Recorded data:

------------------------------

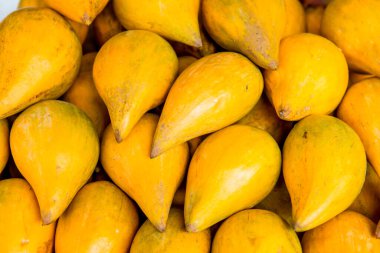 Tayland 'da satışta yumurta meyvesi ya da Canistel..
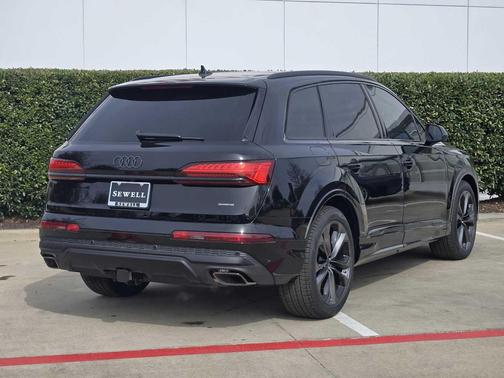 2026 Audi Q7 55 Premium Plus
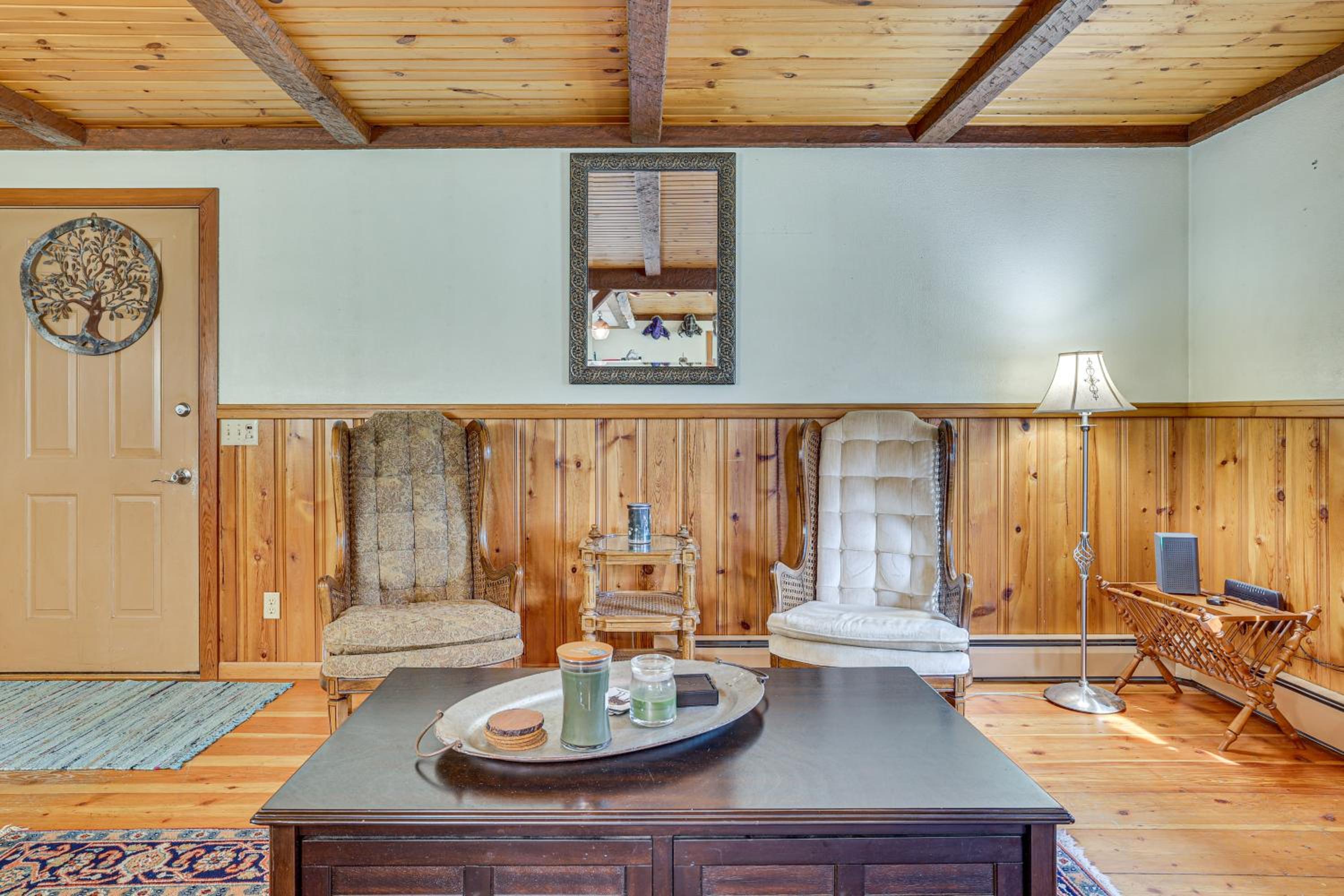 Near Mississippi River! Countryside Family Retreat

------------------------------

Task objective:
The answer should consist only of the lines from the line with "2026 Audi Q7 55 Premium Plus" through the last line of the data, repeated exactly; pictures stay out.

Exercise answer:
 2026 Audi Q7 55 Premium Plus
 Near Mississippi River! Countryside Family Retreat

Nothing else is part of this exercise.